LE MONDE DES LIVRES | 22.02.07 | 18h57

Vassili Grossman fut en URSS le correspondant de guerre le plus lu, le plus aimé entre 1941 et 1945. Il savait entrer dans le corps-à-corps avec la mort des soldats comme des commandants. Pendant la retraite soviétique de 1941, il passe par Iasnaïa Poliana, la gentilhommière de Tolstoï.

C’est l’Exode biblique, toute une « arche de Noé » humaine et animale fuit les Panzers de Guderian. C’est Moscou en 1812, les charrettes se bousculant pour fuir… Grossman songe : « Une souffrance en allée est en train de revenir. »

Vassili Grossman est né en 1905 à Berditchev, en Ukraine, dans une famille juive assimilée. Ingénieur chimiste comme son père, il publie ses premiers textes, remarqués par Gorki, dans La Gazette littéraire, en 1934. Trois ans plus tard, il adhère à l’Union des écrivains soviétiques.

Lorsque la guerre éclate, il devient journaliste dans l’armée rouge. Bouleversé par les massacres de civils juifs, notamment en Ukraine, il commence à réunir les éléments qui donneront naissance au Livre noir, cosigné avec Ilia Ehrenbourg. Son récit, L’Enfer de Treblinka, servira de témoignage au procès de Nuremberg. En 1959, il termine Vie et destin. L’ouvrage est saisi en 1961. Avant de mourir d’un cancer en 1964, il écrit plusieurs livres dont un récit sur l’Arménie, Le bien soit avec vous, et un roman, Tout passe.

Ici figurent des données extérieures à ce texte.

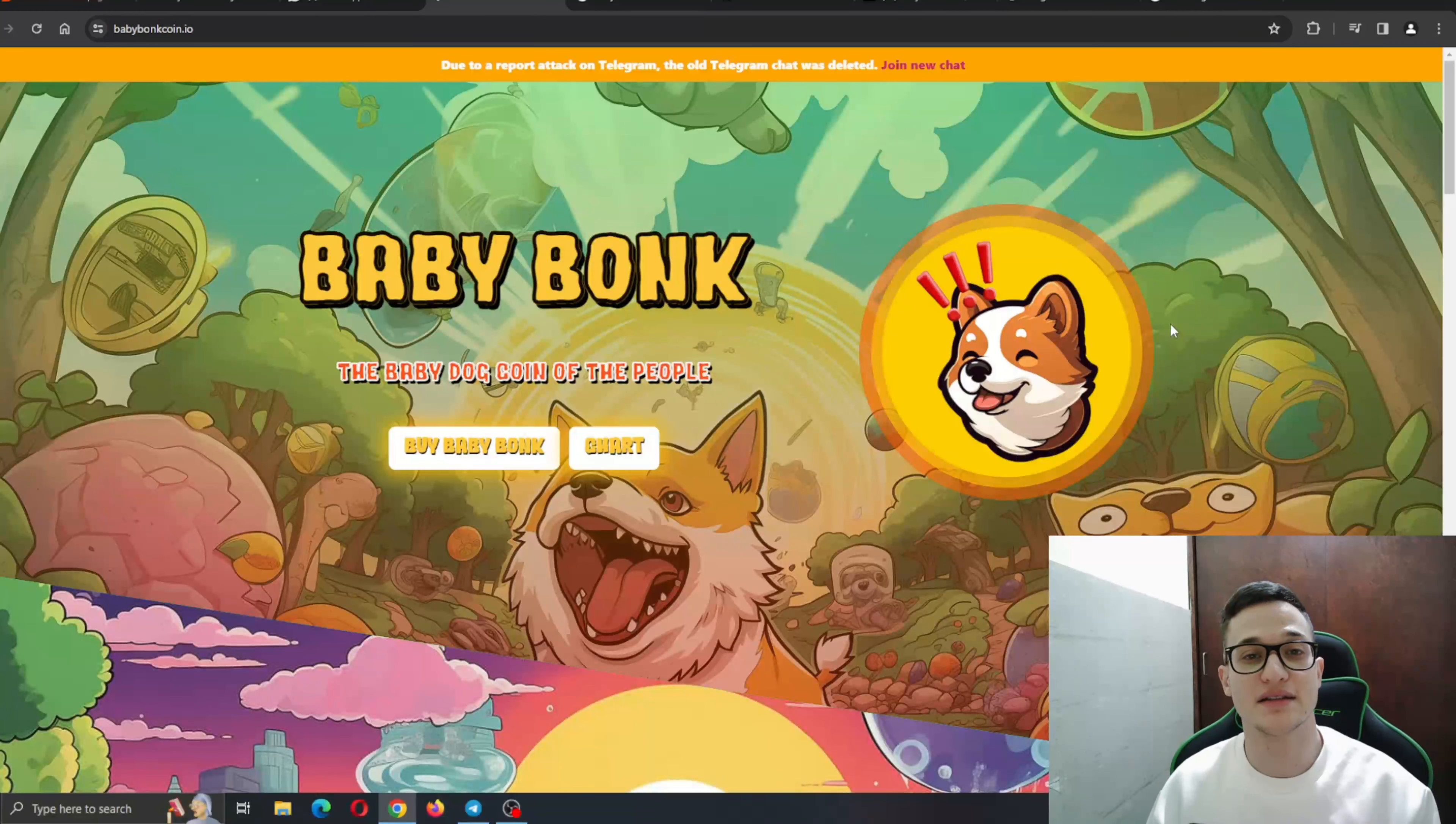As you can see, BabyBong, the baby dog coin of the people. BabyBong isn't only a meme coin, it is a movement. It's combining DeFi with a community and creating the next BONG. This is a project we are expecting a lot from in the near future. Now let's see what it's all about.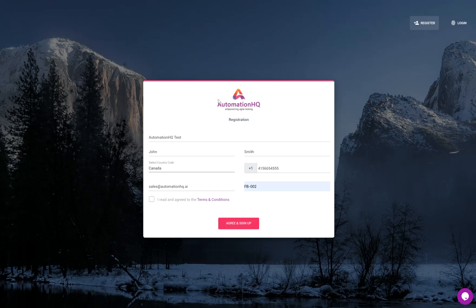This is a demo of Automation HQ. When you go to the main website you will see this registration form. If you don't see it, click on the registration button and you will see this form. In this form you can put your organization name, first name, last name, country, phone number, and the email you want to register with.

Ce fut bien plus, une tornade de souffrances. Quand il passe en sens inverse, une centaine de cadavres allemands entourent la tombe de Tolstoï. Ce n’est que le préambule. Peu à peu, Grossman va rencontrer la mort par centaines de milliers de cadavres, il va voir des morts debout comme un leurre sinistre, des régiments endormis d’épuisement que l’on perce à la baïonnette sans qu’ils se réveillent. Il va apprendre l’envers des communiqués officiels : à Stalingrad, en cinq mois, 13 500 soldats soviétiques exécutés pour trahison ; et parmi eux le cas de ce soldat qu’on a déshabillé, exécuté, enterré, qui revient en caleçon le lendemain, et que l’on l’exécute à nouveau.

Ces Carnets ne contiennent pas tout, Grossman a dû se surveiller, ils pouvaient lui valoir le peloton. Mais ils sont impressionnants. C’est le terreau de ses deux grands romans sur la guerre, Pour une juste cause, écrit pendant la guerre (éd. L’Age d’homme, 2001), Vie et destin, écrit en cachette, et qui ne vit le jour qu’à l’étranger. Personnages, réflexions, notations qui broient le coeur sont là, et cet inimitable mélange de folie et de bonheur qui rend soutenable la lecture des atrocités que rapporte Grossman.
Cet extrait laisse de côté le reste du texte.